Exercise description: Please print every record below exactly as it appears, but leave out the pictures.

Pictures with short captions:
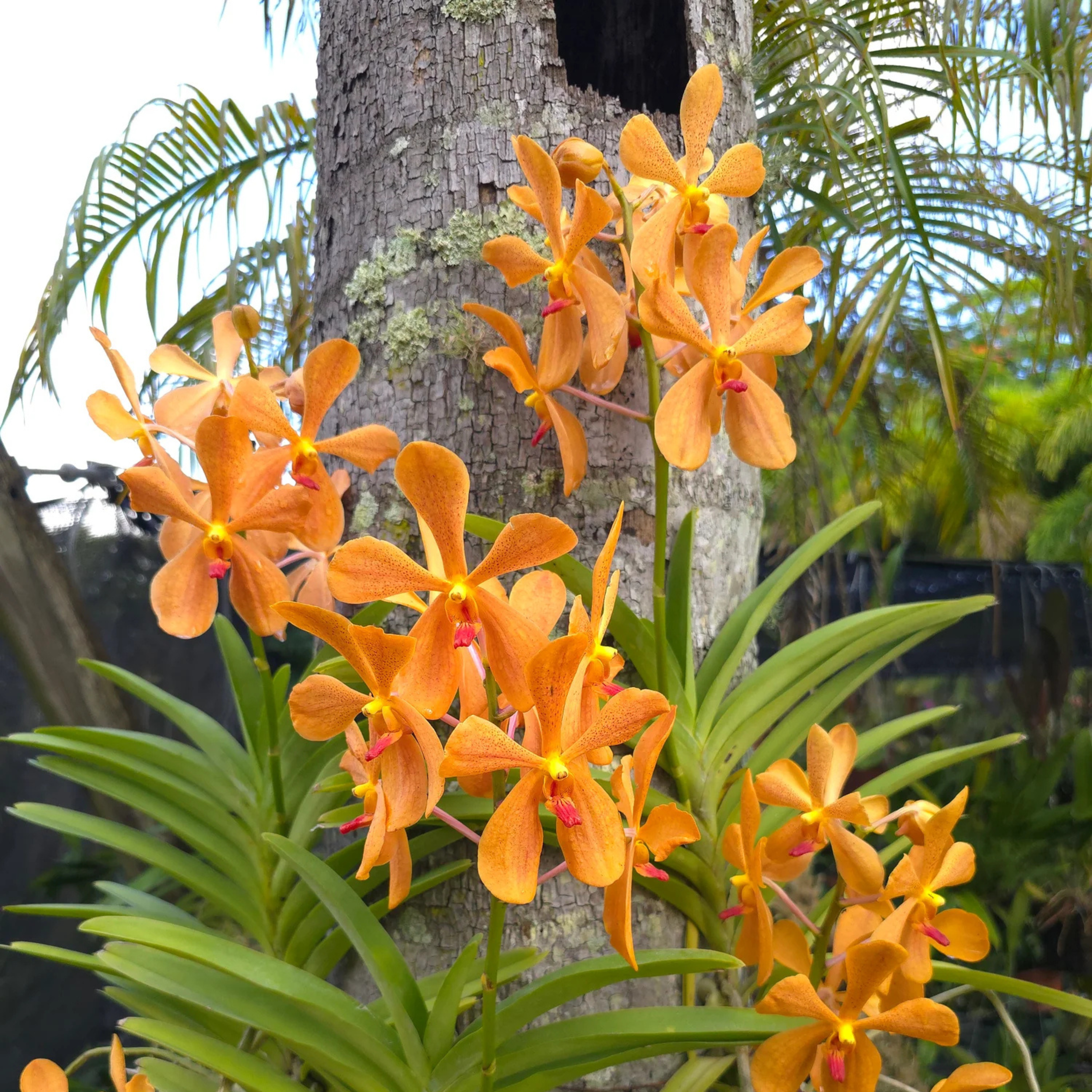 DZ Mokara Omyai Orange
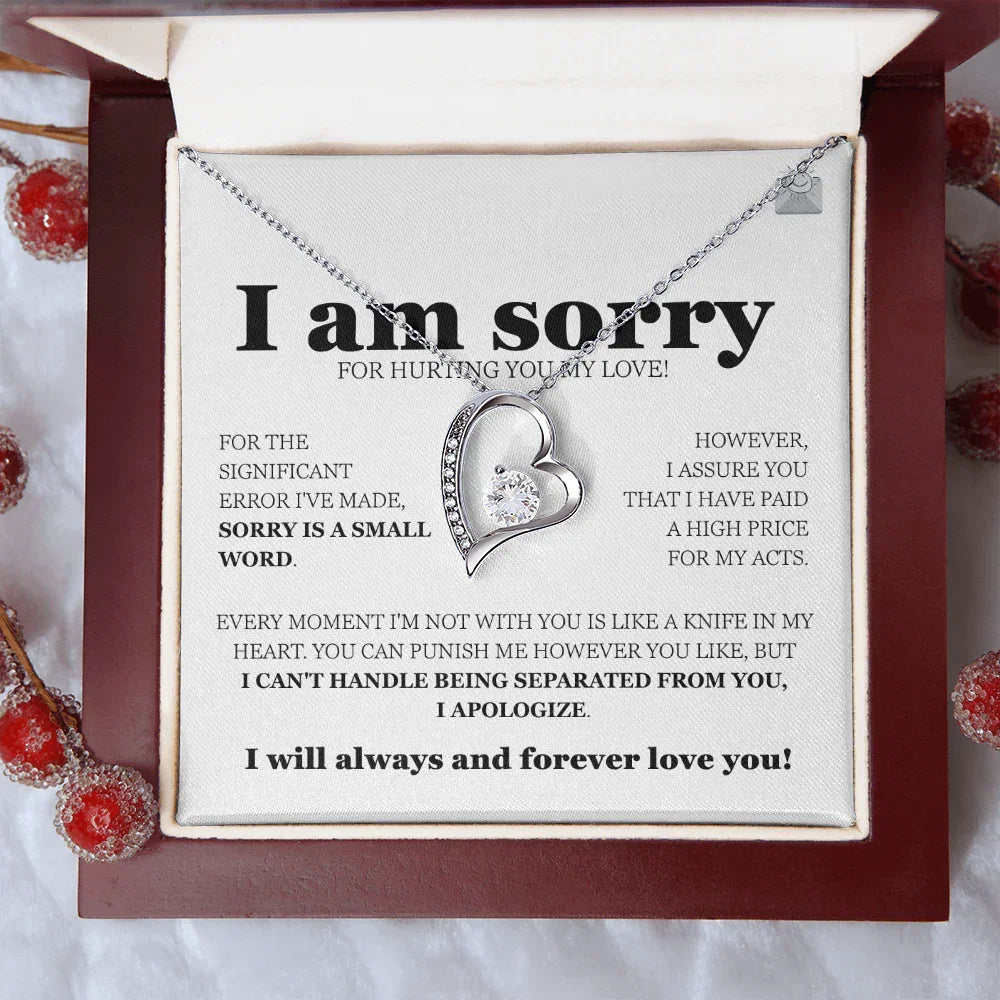 I am sorry - Forever Love Necklace - Gift Set - SLDDL0113 - Sunshine Letters Co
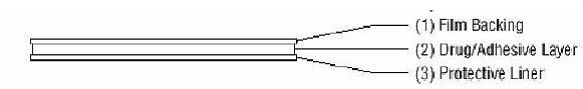 Layers of the Climara transdermal system - Illustration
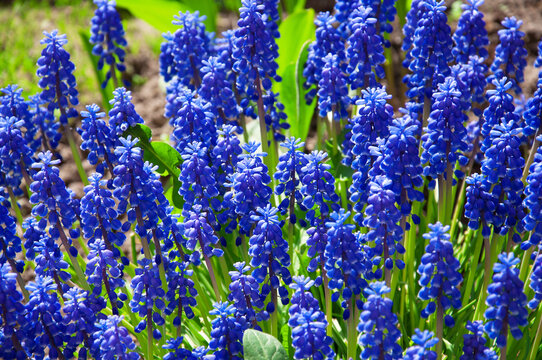 Bright blue Musc&aacute;ri flowers close-up in a flower garden on a sunny day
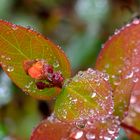 Herbst im Garten - Johanniskraut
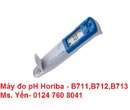 Tp. Hồ Chí Minh: Bút đo pH cầm tay Horiba B-712 CL1395428P13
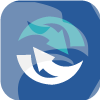 D.T. DIRECT INVESTMENT HUB LTD(Cyprus)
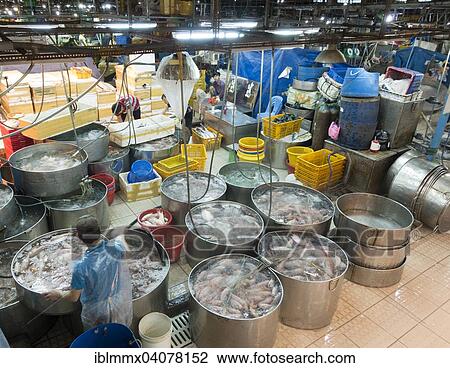 "Caught fish in tanks 3, central fish market, Ho Chi Minh City, Vietnam, Asia" View Large Photo Image Stock Image - "Caught fish in tanks 3, central fish market, Ho Chi Minh City, Vietnam, Asia". Fotosearch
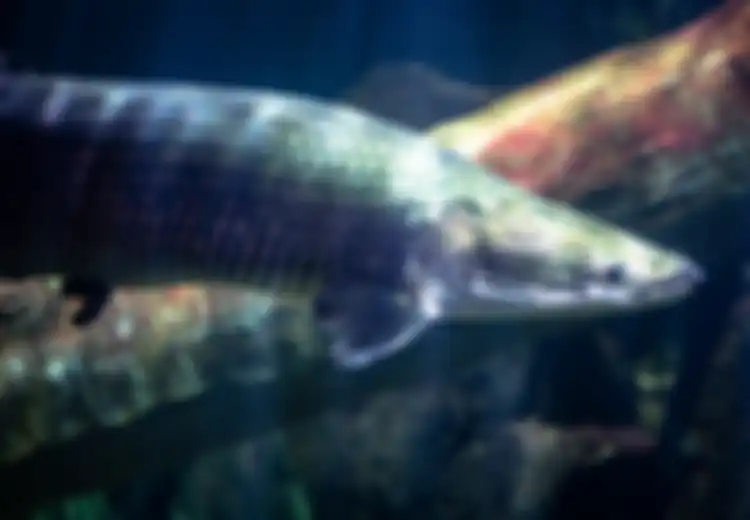 Mengenal Ikan Arapaima, Ikan Raksasa yang Diduga Ditemukan Warga Pasca Banjir Garut, Predator yang Sangat Berbahaya!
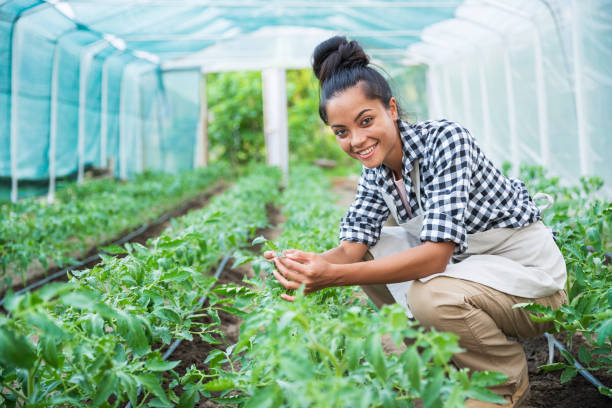 istock Smiling female farmer working in greenhouse 969461824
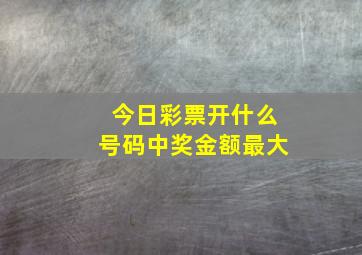 今日彩票开什么号码中奖金额最大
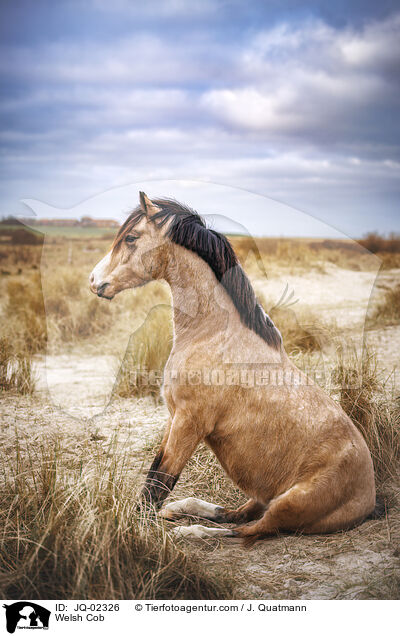 Welsh Cob / Welsh Cob / JQ-02326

Task answer:
 DZ Mokara Omyai Orange
 I am sorry - Forever Love Necklace - Gift Set - SLDDL0113 - Sunshine Letters Co
 Layers of the Climara transdermal system - Illustration
 Bright blue Musc&aacute;ri flowers close-up in a flower garden on a sunny day
 Herbst im Garten - Johanniskraut
 Tp. Hồ Chí Minh: Bút đo pH cầm tay Horiba B-712 CL1395428P13
 D.T. DIRECT INVESTMENT HUB LTD(Cyprus)
 "Caught fish in tanks 3, central fish market, Ho Chi Minh City, Vietnam, Asia" View Large Photo Image Stock Image - "Caught fish in tanks 3, central fish market, Ho Chi Minh City, Vietnam, Asia". Fotosearch
 Mengenal Ikan Arapaima, Ikan Raksasa yang Diduga Ditemukan Warga Pasca Banjir Garut, Predator yang Sangat Berbahaya!
 istock Smiling female farmer working in greenhouse 969461824
 今日彩票开什么号码中奖金额最大
 Welsh Cob / Welsh Cob / JQ-02326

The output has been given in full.